Ингрид приехала в Маринеллу уже после двух ночи, в вечернем платье, разрез до самого зада. Она не выразила никакого удивления по поводу просьбы комиссара увидеться немедленно.
– Извини, но мне не хотелось терять время, чтобы переодеваться. Я была на одном банкете, скука страшная.
– Что с тобой? Что-то ты мне не нравишься. Это только потому, что ты скучала на банкете?
– Нет, ты угадал. Мой свекор опять начал ко мне приставать. Вчера утром ворвался ко мне в комнату, пока я была еще в постели. Хотел отыметь меня прямо там. Удалось уговорить его, чтоб он ушел, я угрожала, что начну кричать.
– Значит, нужно принимать меры, – сказал, улыбаясь, комиссар.
– И какие?
– Мы ему дадим еще одну лошадиную дозу.
Под вопросительным взглядом Ингрид он отпер ящик письменного стола, закрытый на ключ, вытащил конверт и протянул ей. Ингрид при виде фотографий, которые запечатлели ее в момент, когда на ней возился свекор, сначала побелела, а потом покраснела.
– Это ты снимал?
Монтальбано смекнул, если б сказать ей, что это была одна женщина, не исключено, что Ингрид его бы зарезала.
– Да, я.
Хорошая шведкина оплеуха эхом отдалась у него в голове, но он этого ожидал.

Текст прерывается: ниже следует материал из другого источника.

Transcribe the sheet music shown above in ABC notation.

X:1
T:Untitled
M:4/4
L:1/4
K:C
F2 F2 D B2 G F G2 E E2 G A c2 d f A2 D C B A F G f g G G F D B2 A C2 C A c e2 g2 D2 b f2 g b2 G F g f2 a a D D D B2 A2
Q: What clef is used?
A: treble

– Я уже послал три твоему свекру, он перепугался и на некоторое время оставил тебя в покое. Теперь я ему пошлю еще три.
Ингрид прянула, ее тело прижалось к телу Монтальбано, губы приоткрыли его губы, язык принялся ласкать его язык. Монтальбано чувствовал, что колени у него начинают подгибаться – к счастью, Ингрид отстранилась.

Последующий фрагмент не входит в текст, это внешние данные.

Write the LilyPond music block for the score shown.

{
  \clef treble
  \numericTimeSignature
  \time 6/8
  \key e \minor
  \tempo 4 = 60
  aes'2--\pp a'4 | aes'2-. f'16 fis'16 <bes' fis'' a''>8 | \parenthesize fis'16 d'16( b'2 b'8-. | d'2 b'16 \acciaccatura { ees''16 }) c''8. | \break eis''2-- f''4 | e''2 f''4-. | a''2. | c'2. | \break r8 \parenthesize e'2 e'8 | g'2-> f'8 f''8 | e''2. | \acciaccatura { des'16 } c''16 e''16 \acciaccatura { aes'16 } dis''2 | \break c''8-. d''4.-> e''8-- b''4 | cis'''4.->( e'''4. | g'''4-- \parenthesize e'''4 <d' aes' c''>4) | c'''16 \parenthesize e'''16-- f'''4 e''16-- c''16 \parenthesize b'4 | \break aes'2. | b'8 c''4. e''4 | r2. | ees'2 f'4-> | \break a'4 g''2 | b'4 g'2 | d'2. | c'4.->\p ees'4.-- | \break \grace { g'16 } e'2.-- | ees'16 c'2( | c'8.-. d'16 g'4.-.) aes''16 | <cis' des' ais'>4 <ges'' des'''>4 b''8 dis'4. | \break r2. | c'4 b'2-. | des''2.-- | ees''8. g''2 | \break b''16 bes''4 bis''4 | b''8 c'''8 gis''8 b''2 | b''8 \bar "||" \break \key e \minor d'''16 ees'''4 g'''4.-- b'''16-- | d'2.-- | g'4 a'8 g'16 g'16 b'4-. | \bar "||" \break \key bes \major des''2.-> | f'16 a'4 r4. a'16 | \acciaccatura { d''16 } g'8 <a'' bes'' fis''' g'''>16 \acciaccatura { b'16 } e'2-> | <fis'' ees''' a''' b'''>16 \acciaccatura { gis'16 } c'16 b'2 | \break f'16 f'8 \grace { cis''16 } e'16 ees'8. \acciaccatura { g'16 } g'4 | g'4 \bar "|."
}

«Спокойно, спокойно, – сказал он себе, – все уже кончилось. Это просто благодарность».
На обороте фотографий, выбранных самой Ингрид, Монтальбано написал: «ПОДАВАЙ В ОТСТАВКУ, А НЕ ТО В СЛЕДУЮЩИЙ РАЗ ТЕБЯ ПОКАЖУТ ПО ТЕЛЕВИЗОРУ».
– Остальные я буду держать здесь, – сказал комиссар. – Дай мне знать, когда они тебе понадобятся.